I love the Northeast — our shifting seasons makes the experience of outdoor living even better; since our “perfect” days are limited we treat them with great respect. Although I ignore my backyard through those first forsythia blooms, from now until the first flurries fly I’ll be living outdoors as much as I possibly can.
While my focus is interiors, I’ve often been asked to design outdoor spaces. It makes great sense — in fact, our patios or decks are extensions of our homes — outdoor living and dining rooms. We don’t have to spend a fortune furnishing them, but how the space is organized is pretty important. Our patios often become our main living space for a third of the year and with a little careful consideration, we can get the most from them.
In the last 15 or so years, our options to furnish outdoor spaces have become as highly designed and equipped as our interiors. No longer should we be satisfied with new webbing on folding chairs and our slightly rusted hibachi: astounding patio options abound. Just pick up a Williams Sonoma catalog — (or Google “grills”) and you’ll find smokers, tagines (what’s a tagine, you ask?) deep fryers for your next turkey, kamado grills for your next pig roast, and firepits aplenty to keep you warm well into autumn’s harvest. Not just for movie stars anymore, our decked-out patios can include fully equipped kitchens, TV screens and sound systems, sumptuous sectionals, outdoor carpeting — and that’s before we even get to the spas, pools, outbuildings and awnings. Swingsets gave way to “play zones” in our increasingly complicated (and correspondingly expensive) list of outdoor options.

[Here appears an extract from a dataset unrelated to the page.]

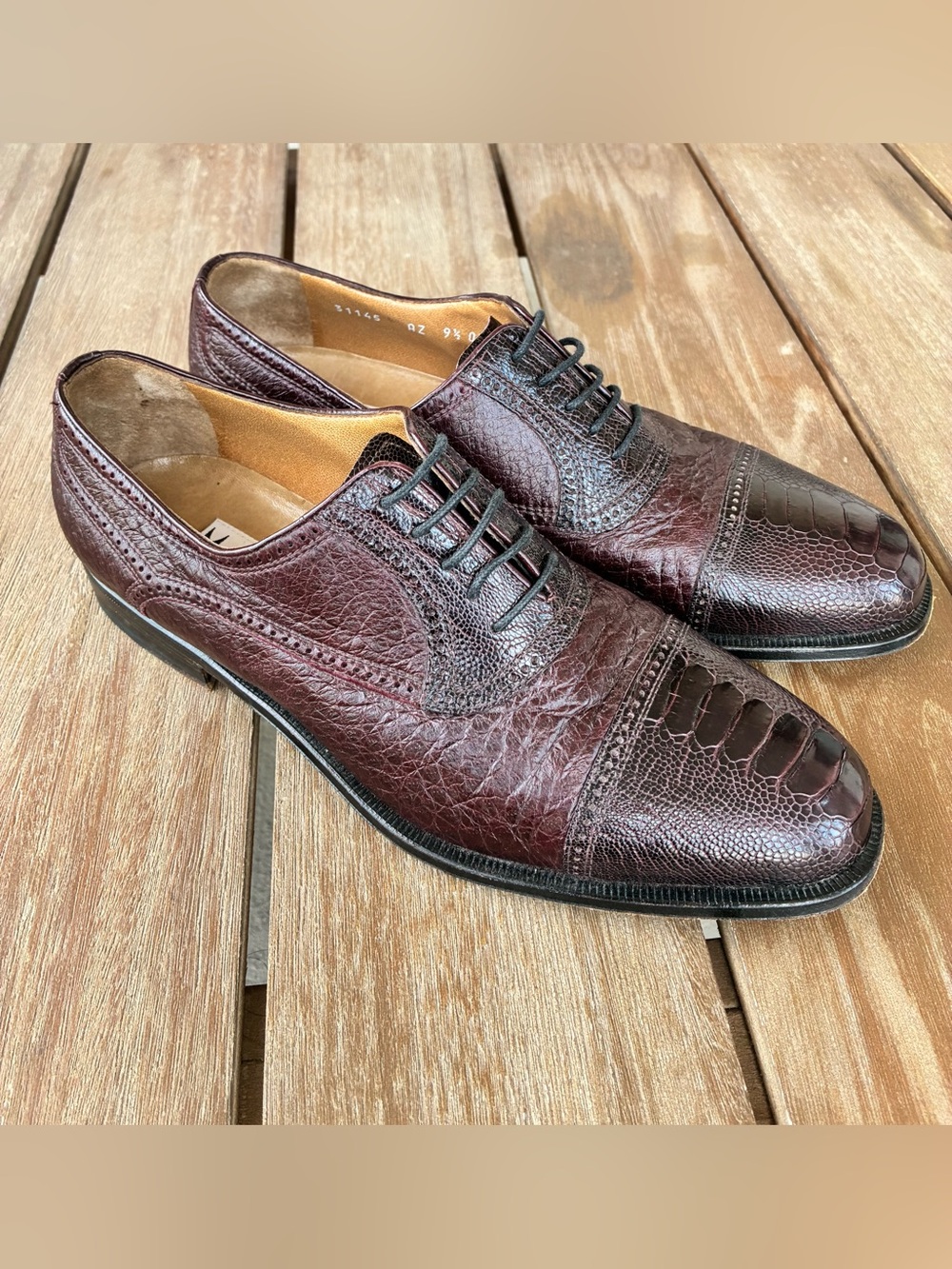 Moreschi Men Size 9 1/2 Burgundy Ostrich Leg Cap Toe Oxfords Italy 31145 AZ Dres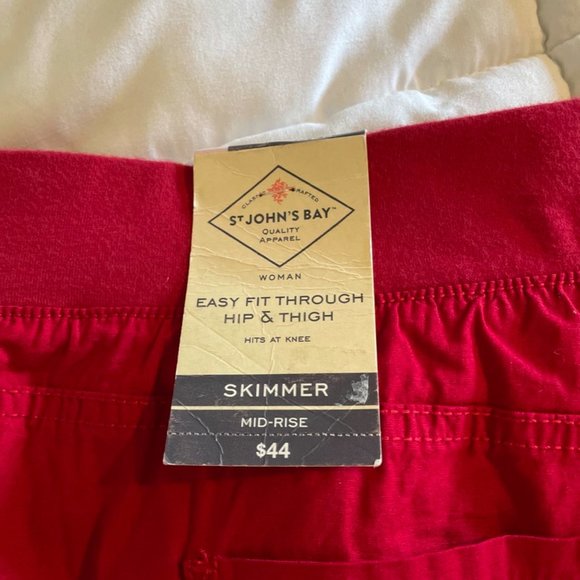 💙 NWT St. John’s Bay Skimmer Capris Red Size 24w - Picture 6 of 8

For the less well-heeled and more pragmatic among us, it’s a simpler matter of choices, but even that can be daunting. Even more than indoors, the question becomes: how important is it? Clearly in the Northeast we have less time to enjoy the toys of outdoor living than our brethren further south. It’s a bit of “chicken and egg” as well — if you have it, will you use it?
There are some basic things to consider when planning your outdoor living space. Just like any other renovation (and this is indeed one, albeit less life disruptive), allow yourself time to get good plans in place. Hire a professional — there are (at least) as many considerations with landscape and patio design as there are for interior renovation, and proper planning will make all the difference in the world to how your space grows.
A landscape architect or designer will help you sort out what to plant and what to pave, where drainage is an issue, what your town will require and how to make choices that will look good not only next year, but in 20 years. While it may be wonderful to get those plantings in (or out) and the deck built, it’s frustrating to realize that it doesn’t fit lounge chairs and a table; that the cute little (very expensive) red maple is too close to the house, or that digging around your foundation has led to a wet basement. Even if you do the work yourself, a professional outdoor planner will be able to help you find solid solutions and avoid costly mistakes. He or she can help you figure out how to deal with sun angles, create shade, minimize mosquitoes, protect from downpours, shelter from wind, capture breezes, and plant so that this summer afternoons your hammock gets more use than the lawn mower.
Summer living, especially at “the shore,” means striving for simplicity; the less we need to maintain our spaces the more time we have to revel in where we live. Off to the beach, out on the river, down on the boardwalk, and back to our beautiful yards for a (turkey) burger. Whether you’re thinking of “smoking” this summer or sticking to a dog from the Windmill, enjoy!